Dans l'excitation du lancement de l'Open Government Partnership à New York, Clare Short, la présidente du Conseil d'administration international de l'ITIE posa une audacieuse question à des invités du public: "Comment savons-nous que cette transparence va mener à la responsabilité?" Les invités, parmi lesquels Sanjay Pradhan de l'Institut de la Banque mondiale, répondirent… vous avez deviné, "ça dépend". Au Ghana, par exemple, une étude de la Banque mondiale mit en lumière que la divulgation des termes des contrats était la clé pour assurer que les revenus des minerais et du pétrole du Ghana étaient tous comptabilisés. Un autre invité, Yamini Aiyar, d'Accountability Initiative, souligna que les effets de la transparence sont tellement larges et complexes que des méthodes quantitatives (notamment les RCT) sont incapables de rendre compte à elles seuls des effets. Elle avança que la recherche anthropologique et d'autres études qualitatives seraient nécessaires pour comprendre les réactions des citoyens à l'information et la manière de l'utiliser pour assurer la prise de responsabilités des dirigeants.

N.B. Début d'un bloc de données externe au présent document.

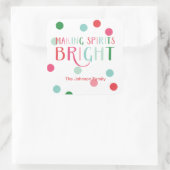 Making Spirits Bright Multi gekleurde stip vakanti Vierkante Sticker (Tas)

Dans Full Disclosure: the Peril and Promise of Transparency (Complète divulgation: le danger et la promesse de la transparence), publié en 2007, Archon Fung, Mary Graham et David Weil consacrèrent un chapitre entier à "Ce qui fait que la transparence fonctionne". Après avoir examiné les politiques de transparence en question aux niveaux national et international, il décrivent le complexe enchaînement de réactions qui mènerait au changement de comportement. Ils découvrirent que l'information fournie par les mesures de transparence était souvent incomplète, incompréhensible ou non pertinente pour les consommateurs, investisseurs, travailleurs et habitants des communautés. Ils conclurent que, pour réussir, les politiques de transparence doivent générer une information exacte, être en avance sur les efforts du divulgateur pour trouver les lacunes et, par-dessus tout, se concentrer sur les besoins des citoyens ordinaires. Avec les bonnes politiques, la transparence a montré qu'elle fonctionne dans un certain nombre de domaines. Par exemple, Hail & Leuz découvrirent en 2006 que le coût du capital des sociétés était inférieur dans les pays dont les exigences de divulgation, les règlements et les mécanismes d'application étaient plus stricts.

Alors que les États-Unis s'engagent à mettre en œuvre l'ITIE, la transparence des revenus issus des industries extractives va réellement devenir une norme internationale. Les organisations internationales de la société civile, telles que Publiez Ce Que Vous Payez, Revenue Watch Institute, Global Witness, Transparency International, Oxfam et beaucoup d'autres, qui ont œuvré sans relâche à défendre cette politique au cours des 10 dernières années, ont effectivement réussi à faire glisser le paradigme. Dans leur campagne pour la transparence et l'ouverture, la question n'est plus pourquoi les gouvernements devraient mettre en œuvre l'ITIE, mais pourquoi ne le font-ils pas? Il s'agit d'une remarquable réussite soulignant que la transparence est en effet une idée forte dont le moment est venu.